A Final Farewell Full of Humor and Love
This morning, I woke up to the news of her passing. Kathleen had written a poem to announce her crossover, ending with an “open-hearted” question: “who farted?”
I found myself laughing and crying at the same time. Here was a person who had suffered greatly, yet she chose to leave the world with a joke. What a brilliant, brave soul. She will be missed by many, even by people like me who didn’t really know her personally.
Hello friends,
It's been a blast!
It's been the best
It's been the worst
In the future, present
For me now in the past.
I loved you all
...mostly all
But my love is undying
And to, my forgiveness
Even to those who had hurt me.
I know I fought some fights with vigor and passion
Those ones meant a lot to me because they involved you and yours
The ones that thought of me and cared to talk,
Not only on my brightest days
But on the ones, that were not
I'll miss you lots, and lots
And I know you will miss me too
So think of me often, but only happy thoughts.
It's time for me to go now.
Many questions have been answered, and many still not.

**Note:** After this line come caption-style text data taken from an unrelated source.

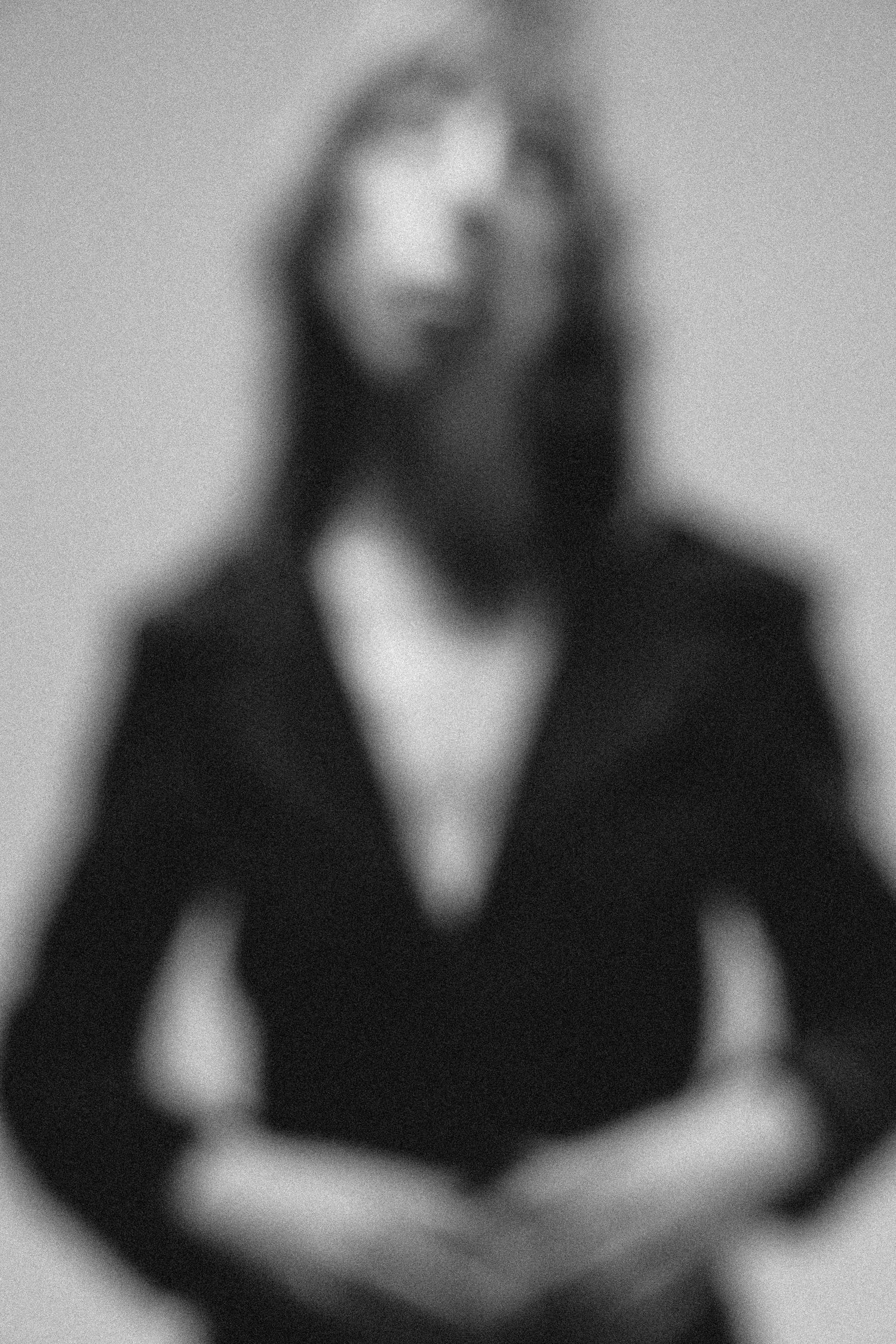 Artistic black and white portrait with intentional blur effect showing figure in dark blazer against plain background.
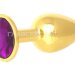 Золотистая анальная пробка с фиолетовым кристаллом - 7 см.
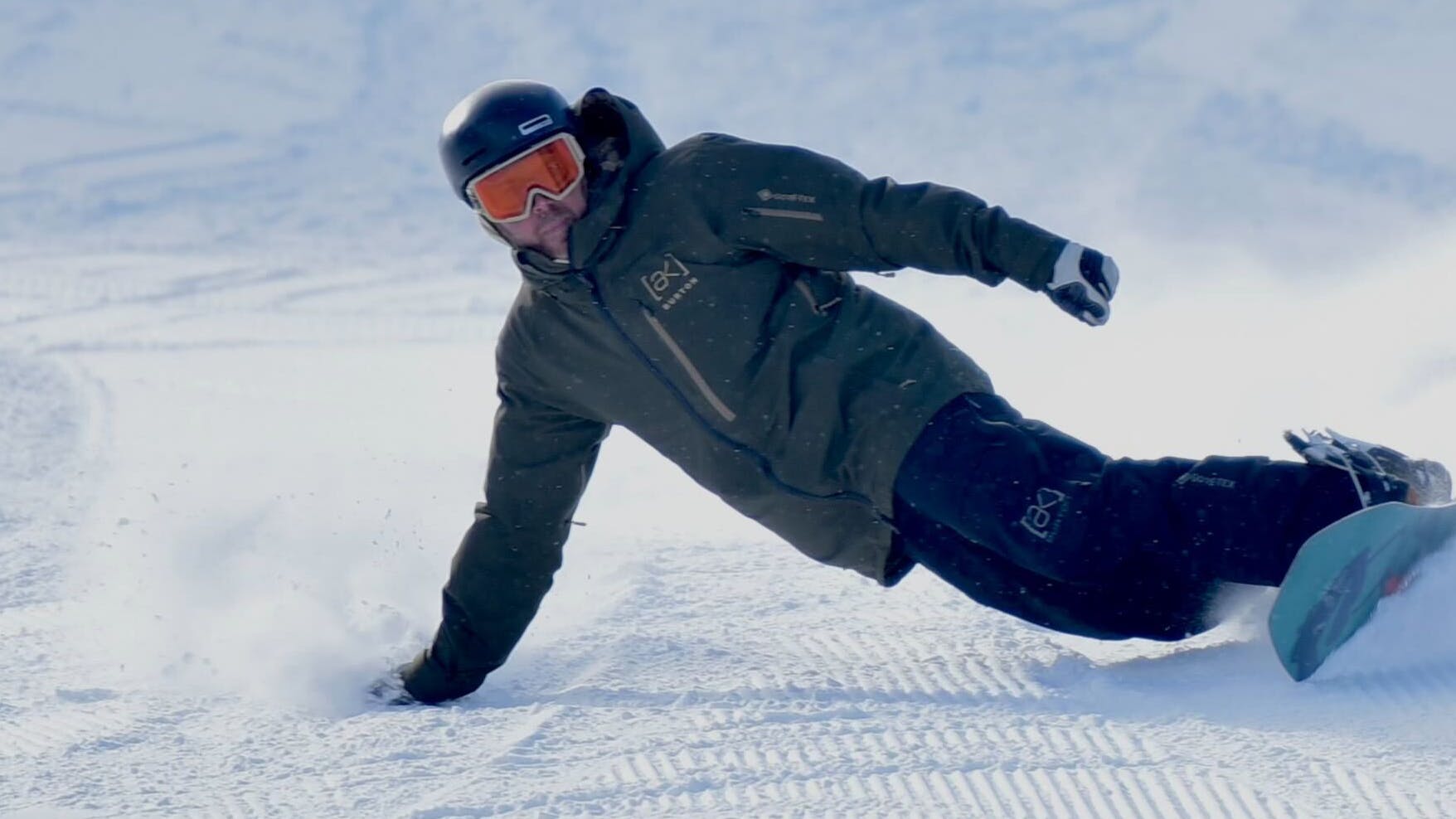 Eric Schultheiss rides his K2 Party Platter snowboard and carves a turn on it.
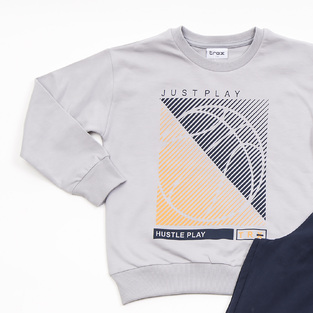 Seasonal TRAX tracksuit set in gray with "JUST PLAY" logo.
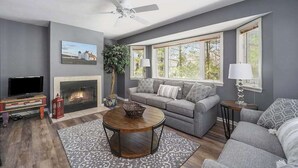 Ein Wohnzimmer mit Kamin, grauen Sofas, einem Couchtisch und einem Fernseher.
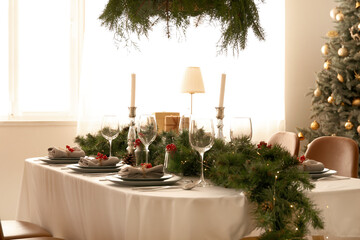 Christmas table setting with fir branches and rowan in dining room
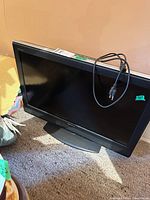 Front view of Sony 32-inch TV with power cord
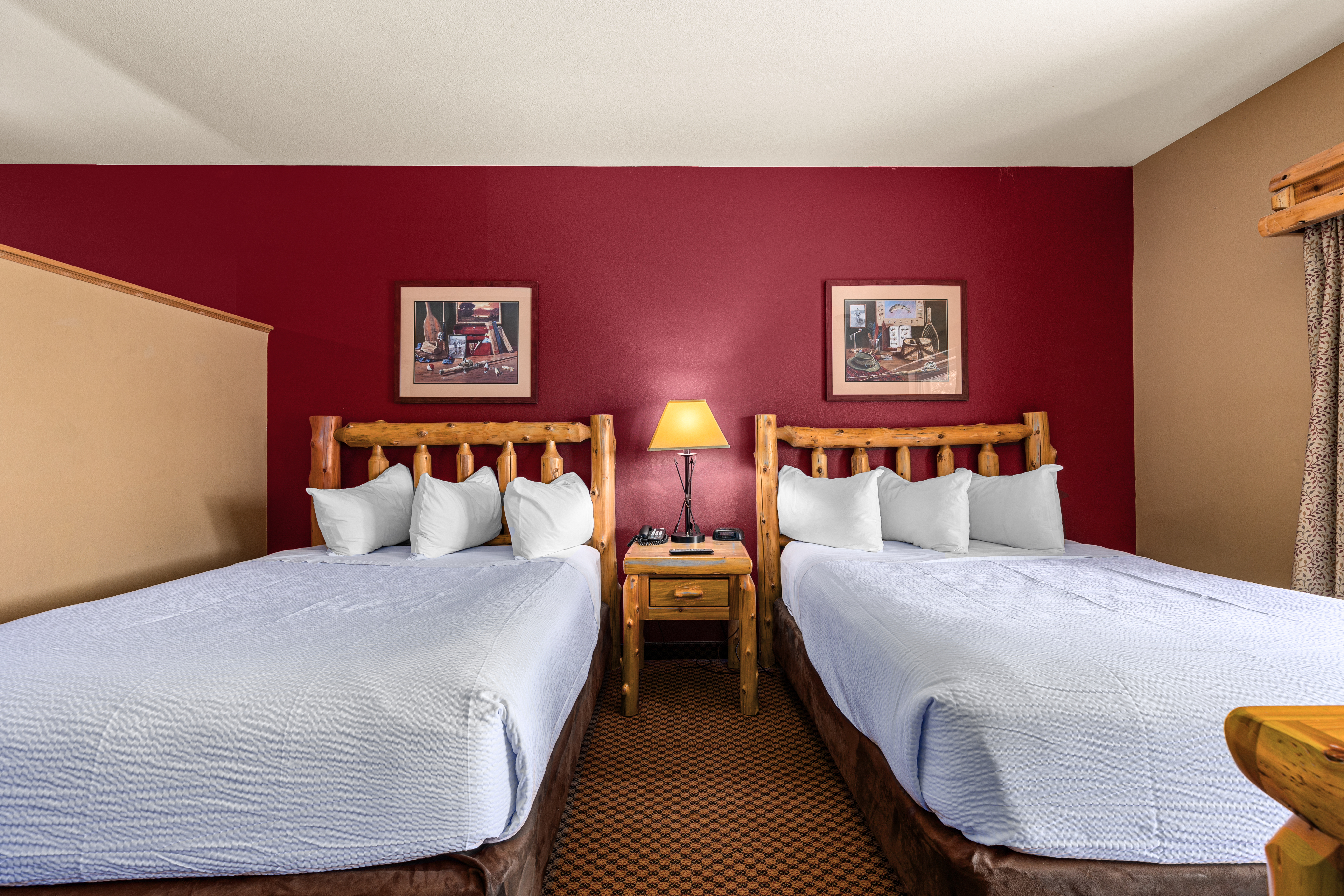 Queen bed guest room at the The Lodge at Brainerd Lakes, Trademark Collection by Wyndham in Baxter, Minnesota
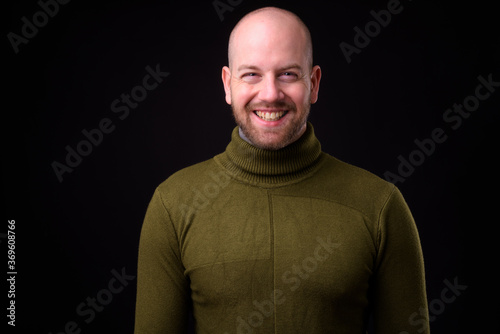 Portrait of happy handsome bald bearded man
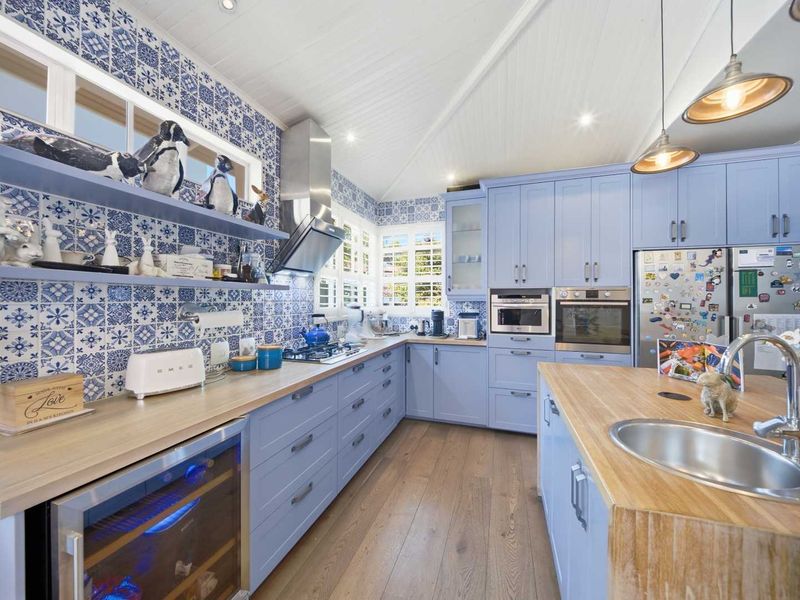 A well-appointed kitchen featuring light blue cabinetry, timber countertops, patterned tile splashbacks, and high-quality built-in appliances including a wine cooler.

I leave you tonight with one more,
Question open-hearted,
"Who farted?"
Kathleen Eleanor McGee
April 5th 1981 - November 3rd 2024
A Reflection on Death, Laughter, and Legacy
As a society, we’ve made death into something purely tragic. And while it is undeniably sad to say goodbye, what if death isn’t the end? What if it’s the beginning of something greater? What if, wherever we go next, there’s even more laughter, more love, more light, and yes, more fart jokes?
We won’t know until it’s our turn. In the meantime, with the time we have, let’s learn from people like Kathleen McGee: laugh a little louder, love a little harder, and appreciate the jokes that remind us not to take life too seriously.
Rest in power, Kathleen McGee. Thanks for the laughs.